Recently, a study by Weihong Chen and Yanjun Yanjun Guo’s team identified significant whole-genome genetic correlations of GlycA with lung function parameters, asthma, and COPD, and consistently identified ten shared loci (including chr3p21.31 and chr8p23.1) at both SNP and gene level revealing potential shared biological mechanisms involving ubiquitination, immune response,Wnt/β-catenin signaling, cell growth and differentiation in tissues or cells including blood, epithelium, fibroblast, fetal thymus, and fetal intestine. The findings provide new genetic evidence for understanding the role of GlycA in respiratory diseases and highlight its potential therapeutic value for improving lung function and treating respiratory diseases.The study, titled “Genetic Association of Inflammatory Marker GlycA with Lung Function and Respiratory Diseases”, was published in Nature Communications.

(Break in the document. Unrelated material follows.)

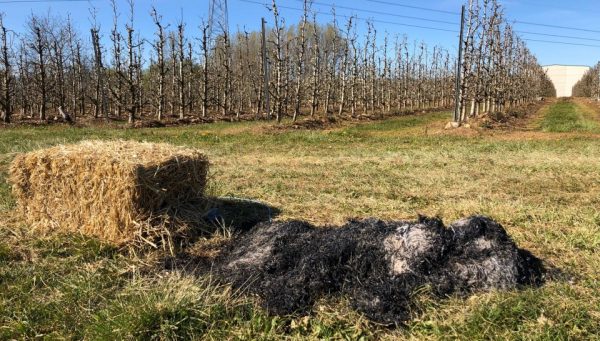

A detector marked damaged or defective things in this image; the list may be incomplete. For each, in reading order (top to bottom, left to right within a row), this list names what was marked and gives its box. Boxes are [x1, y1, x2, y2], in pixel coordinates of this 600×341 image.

burnt straw pile [216, 215, 544, 324]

In this study, the authors conducted extensive bioinformatics analyses using large-scale genomic data, including those from the UK Biobank and FinnGen. As illustrated in Figure 1, cross-trait linkage disequilibrium score regression analyses revealed significant genetic correlations between GlycA and lung function parameters (FEV1 and FVC), as well as asthma and COPD, elucidating a shared genetic architecture. To further investigate whether the observed whole-genome genetic correlation of GlycA with lung function parameters, asthma, and COPD are attributed to specific functional regions, they estimated annotation specific genetic correlations of GlycA with lung function parameters, asthma, and COPD in 11 large annotations using partitioned LDSC. Significant partitioned genetic correlation of GlycA with FEV1, FVC, asthma and COPD was observed within DGF, DHS, fetal DHS, TFBS, and transcribed region (Figure 2).

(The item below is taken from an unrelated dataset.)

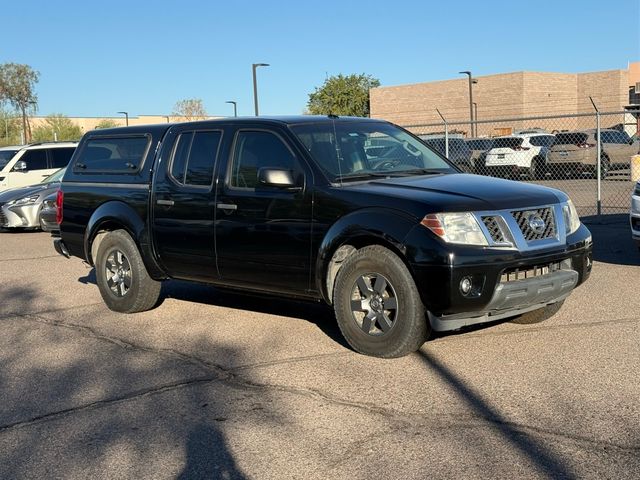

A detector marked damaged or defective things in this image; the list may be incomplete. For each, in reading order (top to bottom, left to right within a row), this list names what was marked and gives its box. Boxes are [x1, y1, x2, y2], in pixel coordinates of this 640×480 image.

crack in asphalt [2, 310, 636, 456]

Figure 1 Genetic correlations of GlycA and other systemic inflammatory markers with lung function, asthma and COPD

Figure 2 Partitioned genetic correlations of GlycA with lung function, asthma and COPD according to 11 functional categories

To further explore the existence of shared genetic variants that may underlie the significant genetic correlation observed in the LDSC analysis of GlycA with lung function or respiratory diseases, cross-trait meta-analysis and TWAS analysis were conducted to identify associated shared genetic loci from the SNP level and gene level, respectively. At the SNP level, regions such as chr3p21.31 and chr19q13.32 were identified. At the gene level, loci including UBA7 (located at chr3p21.31) and AFF1 (located at chr4q21.3) were identified. Notably, ten of these shared TWAS genes (chr1q21.3, chr1q41, chr3p21.31, chr4p16.3, chr4q21.3, chr5q14.1, chr5q31.1, chr8p23.1, chr9q34.2, and chr10q21.3) were also identified from SNP-level cross-trait meta-analysis. To investigate the biological pathways of the shared genes from cross-trait meta-analysis, GO and KEGG pathway enrichment analyses were conducted to assess the enrichment of shared genes of GlycA with lung function parameters and respiratory diseases. Additionally, the relative enrichment of the shared signals for GlycA with lung function parameters and respiratory diseases in different cell types was assessed, showing predominant enrichment in blood, epithelium, fibroblast, fetal thymus, fetal spleen, and fetal intestine tissues (Figure 3), consistent with the pathway analysis results. Finally, bidirectional Mendelian randomization analysis provided strong evidence for the causal association between GlycA and lung function parameters and respiratory diseases.

Fig. 3 Relative enrichment of shared signals in different cell types

In summary, the findings further our understanding of the role of GlycA in lung function, asthma, and COPD susceptibility, reveal the prominent genetic-based role and potential shared mechanisms by identifying significant instrumental effects and shared genetic components including IL6R, UBA7, CTSB, SOX7,andTOMM40-APOE-APOC1, all of which may provide insights into biological mechanisms of lung function, asthma, and COPD.